Assigned task - Nothing should change. Output the data exactly.

Content starts

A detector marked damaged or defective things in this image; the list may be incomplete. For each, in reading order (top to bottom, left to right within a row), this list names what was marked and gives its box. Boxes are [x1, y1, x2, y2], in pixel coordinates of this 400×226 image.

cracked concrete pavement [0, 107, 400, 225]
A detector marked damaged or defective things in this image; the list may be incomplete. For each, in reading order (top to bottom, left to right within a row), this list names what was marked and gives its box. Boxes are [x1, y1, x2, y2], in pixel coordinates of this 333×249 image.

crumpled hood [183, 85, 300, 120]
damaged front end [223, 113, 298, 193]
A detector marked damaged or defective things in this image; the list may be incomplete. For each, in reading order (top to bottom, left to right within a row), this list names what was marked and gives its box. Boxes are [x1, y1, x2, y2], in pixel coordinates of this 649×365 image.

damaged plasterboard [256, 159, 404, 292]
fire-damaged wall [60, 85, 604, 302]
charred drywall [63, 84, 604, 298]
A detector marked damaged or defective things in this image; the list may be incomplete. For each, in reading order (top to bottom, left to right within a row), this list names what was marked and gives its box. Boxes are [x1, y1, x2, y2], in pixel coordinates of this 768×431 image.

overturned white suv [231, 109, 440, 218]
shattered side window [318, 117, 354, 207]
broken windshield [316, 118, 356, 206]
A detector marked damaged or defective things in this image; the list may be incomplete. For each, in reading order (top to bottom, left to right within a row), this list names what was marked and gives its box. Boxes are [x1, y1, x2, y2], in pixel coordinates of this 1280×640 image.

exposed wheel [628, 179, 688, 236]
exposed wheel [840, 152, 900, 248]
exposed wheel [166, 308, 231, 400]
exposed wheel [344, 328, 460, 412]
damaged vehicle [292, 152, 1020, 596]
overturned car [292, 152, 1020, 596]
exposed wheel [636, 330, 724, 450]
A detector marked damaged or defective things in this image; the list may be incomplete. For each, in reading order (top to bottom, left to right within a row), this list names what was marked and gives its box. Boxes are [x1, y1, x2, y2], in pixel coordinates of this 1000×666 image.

Content ends

Answer -
A detector marked damaged or defective things in this image; the list may be incomplete. For each, in reading order (top to bottom, left to right within a row), this list names what was marked and gives its box. Boxes are [x1, y1, x2, y2], in pixel coordinates of this 400×226 image.

cracked concrete pavement [0, 107, 400, 225]
A detector marked damaged or defective things in this image; the list may be incomplete. For each, in reading order (top to bottom, left to right within a row), this list names what was marked and gives its box. Boxes are [x1, y1, x2, y2], in pixel coordinates of this 333×249 image.

crumpled hood [183, 85, 300, 120]
damaged front end [223, 113, 298, 193]
A detector marked damaged or defective things in this image; the list may be incomplete. For each, in reading order (top to bottom, left to right within a row), this list names what was marked and gives its box. Boxes are [x1, y1, x2, y2], in pixel coordinates of this 649×365 image.

damaged plasterboard [256, 159, 404, 292]
fire-damaged wall [60, 85, 604, 302]
charred drywall [63, 84, 604, 298]
A detector marked damaged or defective things in this image; the list may be incomplete. For each, in reading order (top to bottom, left to right within a row), this list names what was marked and gives its box. Boxes are [x1, y1, x2, y2], in pixel coordinates of this 768×431 image.

overturned white suv [231, 109, 440, 218]
shattered side window [318, 117, 354, 207]
broken windshield [316, 118, 356, 206]
A detector marked damaged or defective things in this image; the list may be incomplete. For each, in reading order (top to bottom, left to right within a row), this list names what was marked and gives its box. Boxes are [x1, y1, x2, y2], in pixel coordinates of this 1280×640 image.

exposed wheel [628, 179, 688, 236]
exposed wheel [840, 152, 900, 248]
exposed wheel [166, 308, 231, 400]
exposed wheel [344, 328, 460, 412]
damaged vehicle [292, 152, 1020, 596]
overturned car [292, 152, 1020, 596]
exposed wheel [636, 330, 724, 450]
A detector marked damaged or defective things in this image; the list may be incomplete. For each, in reading order (top to bottom, left to right within a row), this list names what was marked and gives its box. Boxes are [x1, y1, x2, y2], in pixel coordinates of this 1000×666 image.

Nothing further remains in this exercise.